Renderer (Singleton)
├── On-chain SVG generation
├── DUNA covenant display
├── DAO contract metadata
├── Proposal cards
├── Vote receipt cards
├── Permit cards
└── Badge cards

Peripheral Contracts

Tribute (OTC Escrow)

Trade external assets for DAO membership:

// 1. Proposer locks tribute (e.g., 10 ETH for 1000 shares)
tribute.proposeTribute{value: 10 ether}(
    dao,           // target DAO
    address(0),    // tribTkn (ETH)
    0,             // tribAmt (use msg.value for ETH)
    sharesToken,   // forTkn (what proposer wants)
    1000e18        // forAmt (how much)
);

// 2. DAO votes to accept, then claims (executes the swap)
// DAO receives tribute, proposer receives shares
dao.executeByVotes(...); // calls tribute.claimTribute(proposer, tribTkn, tribAmt, forTkn, forAmt)

Key functions:

  • proposeTribute() - Lock assets and create offer
  • cancelTribute() - Proposer withdraws (before DAO claims)
  • claimTribute() - DAO accepts and executes swap
  • getActiveDaoTributes() - View all pending tributes for a DAO

MolochViewHelper (Batch Reader)

Batch reads for dApp frontends:

// Fetch full state for multiple DAOs in one call
DAOLens[] memory daos = helper.getDAOsFullState(
    0,      // daoStart
    10,     // daoCount
    0,      // proposalStart
    5,      // proposalCount
    0,      // messageStart
    10,     // messageCount
    tokens  // treasury tokens to check
);

// User portfolio: find all DAOs where user is a member
UserMemberView[] memory myDaos = helper.getUserDAOs(
    user, 0, 100, tokens
);

Returns DAOLens (full state), MemberView (balances, delegation), ProposalView (tallies, state, futarchy).

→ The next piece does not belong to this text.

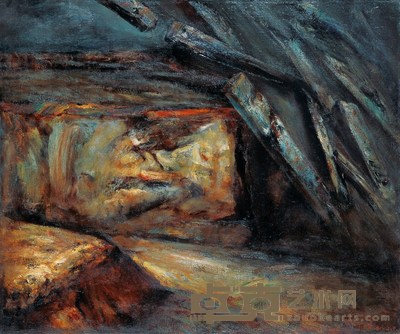 丁方 城 50×70cm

ShareSale (Share/Loot Sales via Allowance)

Sell shares or loot via the allowance system. Uses Moloch's _payout sentinels (address(dao) mints shares, address(1007) mints loot) with 1e18-scaled pricing.

// Setup (in SafeSummoner extraCalls or initCalls):
// 1. dao.setAllowance(shareSale, address(dao), cap)  // or address(1007) for loot
// 2. shareSale.configure(address(dao), payToken, price, deadline)

// Users buy shares
shareSale.buy{value: cost}(dao, 10e18);  // 10 shares

// Pricing: cost = amount * price / 1e18
// e.g. price = 0.01e18 means 0.01 ETH per share

Key functions:

  • configure() - Set sale token, payment token, price, and deadline (called by DAO)
  • buy() - Purchase shares/loot (permissionless, refunds overpayment)
  • saleInitCalls() - Generate initCalls for setup

TapVest (Linear Vesting via Allowance)

Linear vesting from a DAO treasury via the allowance system.

// Setup (in SafeSummoner extraCalls or initCalls):
// 1. dao.setAllowance(tap, token, totalBudget)
// 2. tap.configure(token, beneficiary, ratePerSec)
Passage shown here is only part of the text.